WHAT YOU SHOULD DO:
Give back exactly the stretch of data below from the line holding "Image No.40-3 Bed Villa for sale" through the line holding "164 Strathaven Circle", both ends included, and leave the remaining lines out.
--
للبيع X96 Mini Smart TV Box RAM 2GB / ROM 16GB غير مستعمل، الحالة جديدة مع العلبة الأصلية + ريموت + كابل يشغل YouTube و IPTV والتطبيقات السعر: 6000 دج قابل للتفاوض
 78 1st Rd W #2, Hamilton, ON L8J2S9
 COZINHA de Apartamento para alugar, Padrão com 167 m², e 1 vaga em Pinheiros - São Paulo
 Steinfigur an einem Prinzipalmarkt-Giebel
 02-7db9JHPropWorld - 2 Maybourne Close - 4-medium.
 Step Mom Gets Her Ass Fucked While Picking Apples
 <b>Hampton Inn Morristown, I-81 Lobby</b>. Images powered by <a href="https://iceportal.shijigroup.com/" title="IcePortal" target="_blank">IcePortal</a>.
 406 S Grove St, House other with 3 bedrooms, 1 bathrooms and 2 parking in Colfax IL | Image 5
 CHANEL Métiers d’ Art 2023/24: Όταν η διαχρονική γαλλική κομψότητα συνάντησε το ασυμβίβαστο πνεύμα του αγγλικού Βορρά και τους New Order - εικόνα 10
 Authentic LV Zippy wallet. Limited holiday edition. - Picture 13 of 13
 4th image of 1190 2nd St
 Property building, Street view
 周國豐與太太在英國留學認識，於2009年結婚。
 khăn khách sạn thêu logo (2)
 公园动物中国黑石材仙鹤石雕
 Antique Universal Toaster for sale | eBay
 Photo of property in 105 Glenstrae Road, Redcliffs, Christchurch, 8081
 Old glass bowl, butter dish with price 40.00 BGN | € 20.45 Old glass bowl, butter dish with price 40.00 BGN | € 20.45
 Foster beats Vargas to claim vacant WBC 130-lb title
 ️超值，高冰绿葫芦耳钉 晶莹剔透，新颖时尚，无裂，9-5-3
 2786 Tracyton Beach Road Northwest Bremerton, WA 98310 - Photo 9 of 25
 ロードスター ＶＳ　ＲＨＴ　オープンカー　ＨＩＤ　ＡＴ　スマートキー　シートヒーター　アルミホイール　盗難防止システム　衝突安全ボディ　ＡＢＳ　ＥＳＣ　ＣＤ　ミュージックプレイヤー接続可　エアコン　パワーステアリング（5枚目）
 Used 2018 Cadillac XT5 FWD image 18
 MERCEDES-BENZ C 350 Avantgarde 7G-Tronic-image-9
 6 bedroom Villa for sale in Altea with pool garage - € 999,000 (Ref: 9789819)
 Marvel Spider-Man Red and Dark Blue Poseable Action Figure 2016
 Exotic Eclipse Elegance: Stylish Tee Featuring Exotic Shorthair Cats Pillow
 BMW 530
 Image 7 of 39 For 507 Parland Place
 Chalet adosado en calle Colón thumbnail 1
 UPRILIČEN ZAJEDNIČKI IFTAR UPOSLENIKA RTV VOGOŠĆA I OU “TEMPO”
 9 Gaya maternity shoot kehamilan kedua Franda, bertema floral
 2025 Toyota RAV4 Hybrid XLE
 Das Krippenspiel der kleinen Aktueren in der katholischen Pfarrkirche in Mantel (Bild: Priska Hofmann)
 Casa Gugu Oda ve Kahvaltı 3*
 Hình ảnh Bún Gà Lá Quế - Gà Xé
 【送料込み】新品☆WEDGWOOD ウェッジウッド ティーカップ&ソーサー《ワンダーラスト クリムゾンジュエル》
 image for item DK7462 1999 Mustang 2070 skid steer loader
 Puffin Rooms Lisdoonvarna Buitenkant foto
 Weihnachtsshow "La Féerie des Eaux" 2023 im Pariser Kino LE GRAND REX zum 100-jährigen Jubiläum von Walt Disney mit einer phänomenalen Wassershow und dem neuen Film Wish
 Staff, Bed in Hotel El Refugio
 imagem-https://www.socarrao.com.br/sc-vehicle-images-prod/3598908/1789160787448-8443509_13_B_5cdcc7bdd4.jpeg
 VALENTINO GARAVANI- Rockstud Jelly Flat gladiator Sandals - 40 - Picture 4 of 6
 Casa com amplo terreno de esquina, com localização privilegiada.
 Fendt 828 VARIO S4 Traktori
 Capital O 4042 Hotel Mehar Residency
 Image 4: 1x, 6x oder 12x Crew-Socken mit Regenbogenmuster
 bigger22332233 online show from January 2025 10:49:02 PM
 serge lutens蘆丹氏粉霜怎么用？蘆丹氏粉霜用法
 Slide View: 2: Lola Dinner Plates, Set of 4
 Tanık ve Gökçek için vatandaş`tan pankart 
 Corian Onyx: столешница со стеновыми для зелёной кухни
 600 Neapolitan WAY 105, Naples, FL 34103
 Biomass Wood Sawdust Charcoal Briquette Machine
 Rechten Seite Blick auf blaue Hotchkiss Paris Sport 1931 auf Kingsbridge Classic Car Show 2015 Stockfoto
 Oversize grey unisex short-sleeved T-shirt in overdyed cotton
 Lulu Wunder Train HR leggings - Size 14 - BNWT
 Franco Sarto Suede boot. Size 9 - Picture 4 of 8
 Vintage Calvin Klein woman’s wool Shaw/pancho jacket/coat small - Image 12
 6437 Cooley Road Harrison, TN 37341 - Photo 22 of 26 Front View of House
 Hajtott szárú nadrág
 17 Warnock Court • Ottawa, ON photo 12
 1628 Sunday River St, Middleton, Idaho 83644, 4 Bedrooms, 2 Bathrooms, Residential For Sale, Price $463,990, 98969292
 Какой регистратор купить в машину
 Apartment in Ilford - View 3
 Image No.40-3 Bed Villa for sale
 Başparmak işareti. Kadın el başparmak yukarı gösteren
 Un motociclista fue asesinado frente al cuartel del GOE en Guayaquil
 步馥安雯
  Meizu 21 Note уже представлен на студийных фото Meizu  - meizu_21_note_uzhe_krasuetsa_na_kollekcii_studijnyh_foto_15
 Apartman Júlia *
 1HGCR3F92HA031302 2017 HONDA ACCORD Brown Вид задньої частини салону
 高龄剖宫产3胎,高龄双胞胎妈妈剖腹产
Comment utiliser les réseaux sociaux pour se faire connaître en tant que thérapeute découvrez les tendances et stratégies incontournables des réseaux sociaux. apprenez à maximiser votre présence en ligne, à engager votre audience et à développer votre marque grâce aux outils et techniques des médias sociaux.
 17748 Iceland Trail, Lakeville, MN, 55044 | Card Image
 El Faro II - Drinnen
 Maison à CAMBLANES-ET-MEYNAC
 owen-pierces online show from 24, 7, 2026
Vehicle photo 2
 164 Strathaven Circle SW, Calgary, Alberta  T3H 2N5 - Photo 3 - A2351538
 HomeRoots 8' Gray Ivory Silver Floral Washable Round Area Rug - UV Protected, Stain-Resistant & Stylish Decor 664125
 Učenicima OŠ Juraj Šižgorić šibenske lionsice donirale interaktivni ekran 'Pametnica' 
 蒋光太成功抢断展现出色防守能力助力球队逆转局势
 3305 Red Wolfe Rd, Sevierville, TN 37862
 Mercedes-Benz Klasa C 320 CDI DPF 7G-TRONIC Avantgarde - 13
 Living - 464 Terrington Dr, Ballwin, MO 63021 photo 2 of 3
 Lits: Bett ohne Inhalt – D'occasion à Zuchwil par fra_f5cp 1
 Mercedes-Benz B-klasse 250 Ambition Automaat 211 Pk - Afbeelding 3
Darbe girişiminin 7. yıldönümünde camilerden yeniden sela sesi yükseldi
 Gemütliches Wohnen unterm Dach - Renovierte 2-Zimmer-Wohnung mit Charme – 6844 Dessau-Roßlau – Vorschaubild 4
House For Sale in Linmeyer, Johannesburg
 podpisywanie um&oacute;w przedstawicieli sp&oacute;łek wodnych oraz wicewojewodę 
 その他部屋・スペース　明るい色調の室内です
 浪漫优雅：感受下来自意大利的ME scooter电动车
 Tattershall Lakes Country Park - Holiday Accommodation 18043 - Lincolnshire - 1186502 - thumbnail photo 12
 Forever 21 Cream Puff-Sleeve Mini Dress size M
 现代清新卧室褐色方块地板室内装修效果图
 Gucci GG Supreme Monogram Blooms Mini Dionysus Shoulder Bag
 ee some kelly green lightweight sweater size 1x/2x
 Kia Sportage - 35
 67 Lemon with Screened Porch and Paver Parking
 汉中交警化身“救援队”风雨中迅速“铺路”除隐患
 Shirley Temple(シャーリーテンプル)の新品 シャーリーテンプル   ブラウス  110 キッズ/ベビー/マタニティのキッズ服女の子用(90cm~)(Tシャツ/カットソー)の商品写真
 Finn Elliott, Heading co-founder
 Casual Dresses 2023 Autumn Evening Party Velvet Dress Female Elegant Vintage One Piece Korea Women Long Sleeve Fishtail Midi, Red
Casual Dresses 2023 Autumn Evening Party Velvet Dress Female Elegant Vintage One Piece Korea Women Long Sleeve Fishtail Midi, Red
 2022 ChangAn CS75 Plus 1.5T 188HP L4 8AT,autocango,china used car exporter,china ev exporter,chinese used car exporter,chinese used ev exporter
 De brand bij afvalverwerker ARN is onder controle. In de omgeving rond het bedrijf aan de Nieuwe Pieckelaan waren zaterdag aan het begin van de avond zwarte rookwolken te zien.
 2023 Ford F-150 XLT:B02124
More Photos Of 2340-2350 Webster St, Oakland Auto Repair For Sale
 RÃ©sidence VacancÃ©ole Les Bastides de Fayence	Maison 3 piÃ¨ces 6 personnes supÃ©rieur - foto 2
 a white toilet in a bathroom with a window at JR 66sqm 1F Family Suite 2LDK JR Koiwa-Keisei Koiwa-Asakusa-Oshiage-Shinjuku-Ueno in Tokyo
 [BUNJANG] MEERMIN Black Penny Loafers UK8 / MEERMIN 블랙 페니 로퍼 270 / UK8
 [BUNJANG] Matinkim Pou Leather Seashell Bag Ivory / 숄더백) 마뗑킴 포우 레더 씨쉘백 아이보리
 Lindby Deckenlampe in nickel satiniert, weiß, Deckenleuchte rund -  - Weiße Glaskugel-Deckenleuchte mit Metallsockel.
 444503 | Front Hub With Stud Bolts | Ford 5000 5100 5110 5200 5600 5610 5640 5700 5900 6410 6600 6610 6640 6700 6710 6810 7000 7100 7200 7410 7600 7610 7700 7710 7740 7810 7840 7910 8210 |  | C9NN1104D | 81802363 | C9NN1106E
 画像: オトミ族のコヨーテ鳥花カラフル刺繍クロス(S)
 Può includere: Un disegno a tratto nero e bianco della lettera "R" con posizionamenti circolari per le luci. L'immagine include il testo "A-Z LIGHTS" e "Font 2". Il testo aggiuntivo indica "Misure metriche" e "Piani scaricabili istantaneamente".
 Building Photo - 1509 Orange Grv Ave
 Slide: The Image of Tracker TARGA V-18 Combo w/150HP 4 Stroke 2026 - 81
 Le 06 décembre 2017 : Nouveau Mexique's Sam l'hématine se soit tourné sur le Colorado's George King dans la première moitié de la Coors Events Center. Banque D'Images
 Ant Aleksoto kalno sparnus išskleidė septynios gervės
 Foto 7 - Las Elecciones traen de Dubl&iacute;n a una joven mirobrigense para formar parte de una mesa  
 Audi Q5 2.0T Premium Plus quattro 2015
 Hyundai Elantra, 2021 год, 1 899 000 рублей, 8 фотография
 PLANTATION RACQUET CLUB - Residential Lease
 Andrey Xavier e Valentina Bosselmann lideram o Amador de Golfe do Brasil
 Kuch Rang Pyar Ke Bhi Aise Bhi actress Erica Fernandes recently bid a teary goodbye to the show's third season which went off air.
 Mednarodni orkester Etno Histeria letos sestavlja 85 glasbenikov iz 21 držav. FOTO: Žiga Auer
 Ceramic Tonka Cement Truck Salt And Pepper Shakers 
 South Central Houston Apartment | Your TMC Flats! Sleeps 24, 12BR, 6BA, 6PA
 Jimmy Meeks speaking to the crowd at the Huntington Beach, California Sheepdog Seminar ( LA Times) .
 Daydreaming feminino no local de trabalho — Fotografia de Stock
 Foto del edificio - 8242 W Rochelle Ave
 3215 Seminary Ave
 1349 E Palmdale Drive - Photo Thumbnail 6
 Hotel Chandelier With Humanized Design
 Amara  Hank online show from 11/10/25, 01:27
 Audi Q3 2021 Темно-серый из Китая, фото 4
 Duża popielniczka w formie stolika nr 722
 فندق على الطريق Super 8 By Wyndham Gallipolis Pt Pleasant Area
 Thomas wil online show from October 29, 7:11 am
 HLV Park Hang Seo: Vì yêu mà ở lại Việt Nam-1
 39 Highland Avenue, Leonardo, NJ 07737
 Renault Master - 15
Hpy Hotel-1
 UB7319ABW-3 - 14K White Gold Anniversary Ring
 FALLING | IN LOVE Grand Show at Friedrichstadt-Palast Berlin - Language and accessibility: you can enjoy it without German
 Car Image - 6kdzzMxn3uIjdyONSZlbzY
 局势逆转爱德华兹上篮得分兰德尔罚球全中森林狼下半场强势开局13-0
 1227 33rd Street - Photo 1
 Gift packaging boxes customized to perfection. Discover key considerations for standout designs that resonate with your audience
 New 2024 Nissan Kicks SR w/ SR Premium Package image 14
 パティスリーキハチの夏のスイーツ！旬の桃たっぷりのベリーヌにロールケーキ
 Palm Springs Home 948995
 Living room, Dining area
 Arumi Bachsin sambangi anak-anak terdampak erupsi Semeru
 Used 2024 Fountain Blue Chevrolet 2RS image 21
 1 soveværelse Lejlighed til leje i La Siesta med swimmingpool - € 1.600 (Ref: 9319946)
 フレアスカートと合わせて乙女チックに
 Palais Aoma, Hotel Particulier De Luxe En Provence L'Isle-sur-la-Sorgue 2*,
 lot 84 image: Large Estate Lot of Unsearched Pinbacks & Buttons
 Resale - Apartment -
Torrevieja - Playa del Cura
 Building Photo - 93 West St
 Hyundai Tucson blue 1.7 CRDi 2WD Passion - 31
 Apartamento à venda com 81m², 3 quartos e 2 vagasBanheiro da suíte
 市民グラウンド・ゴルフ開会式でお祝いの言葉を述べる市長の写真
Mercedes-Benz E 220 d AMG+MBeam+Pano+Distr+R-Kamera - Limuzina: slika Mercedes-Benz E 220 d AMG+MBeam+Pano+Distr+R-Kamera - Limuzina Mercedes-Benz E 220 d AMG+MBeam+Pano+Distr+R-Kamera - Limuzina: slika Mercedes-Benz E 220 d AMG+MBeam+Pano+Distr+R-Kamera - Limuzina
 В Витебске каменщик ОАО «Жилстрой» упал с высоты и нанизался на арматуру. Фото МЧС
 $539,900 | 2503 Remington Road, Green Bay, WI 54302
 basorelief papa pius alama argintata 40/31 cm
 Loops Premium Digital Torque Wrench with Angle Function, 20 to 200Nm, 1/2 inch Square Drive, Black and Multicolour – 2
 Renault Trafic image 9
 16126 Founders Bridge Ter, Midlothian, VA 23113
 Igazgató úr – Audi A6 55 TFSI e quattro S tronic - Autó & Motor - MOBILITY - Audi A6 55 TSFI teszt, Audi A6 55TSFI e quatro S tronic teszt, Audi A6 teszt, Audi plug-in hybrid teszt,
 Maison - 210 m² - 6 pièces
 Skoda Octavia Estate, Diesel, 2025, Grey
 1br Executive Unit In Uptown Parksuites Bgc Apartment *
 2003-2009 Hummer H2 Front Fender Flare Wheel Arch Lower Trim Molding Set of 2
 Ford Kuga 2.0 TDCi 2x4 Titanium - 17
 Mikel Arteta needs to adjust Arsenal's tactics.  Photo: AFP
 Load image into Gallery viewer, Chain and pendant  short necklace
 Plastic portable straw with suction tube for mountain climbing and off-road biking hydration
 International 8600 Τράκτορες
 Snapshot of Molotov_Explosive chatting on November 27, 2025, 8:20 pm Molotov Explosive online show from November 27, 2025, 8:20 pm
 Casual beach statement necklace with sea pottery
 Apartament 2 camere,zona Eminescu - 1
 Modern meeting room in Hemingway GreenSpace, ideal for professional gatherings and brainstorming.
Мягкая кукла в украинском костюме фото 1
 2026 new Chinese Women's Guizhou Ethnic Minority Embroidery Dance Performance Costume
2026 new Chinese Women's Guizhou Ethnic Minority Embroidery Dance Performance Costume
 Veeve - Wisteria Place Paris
--
EXERCISE OUTPUT:
 Image No.40-3 Bed Villa for sale
 Başparmak işareti. Kadın el başparmak yukarı gösteren
 Un motociclista fue asesinado frente al cuartel del GOE en Guayaquil
 步馥安雯
  Meizu 21 Note уже представлен на студийных фото Meizu  - meizu_21_note_uzhe_krasuetsa_na_kollekcii_studijnyh_foto_15
 Apartman Júlia *
 1HGCR3F92HA031302 2017 HONDA ACCORD Brown Вид задньої частини салону
 高龄剖宫产3胎,高龄双胞胎妈妈剖腹产
Comment utiliser les réseaux sociaux pour se faire connaître en tant que thérapeute découvrez les tendances et stratégies incontournables des réseaux sociaux. apprenez à maximiser votre présence en ligne, à engager votre audience et à développer votre marque grâce aux outils et techniques des médias sociaux.
 17748 Iceland Trail, Lakeville, MN, 55044 | Card Image
 El Faro II - Drinnen
 Maison à CAMBLANES-ET-MEYNAC
 owen-pierces online show from 24, 7, 2026
Vehicle photo 2
 164 Strathaven Circle SW, Calgary, Alberta  T3H 2N5 - Photo 3 - A2351538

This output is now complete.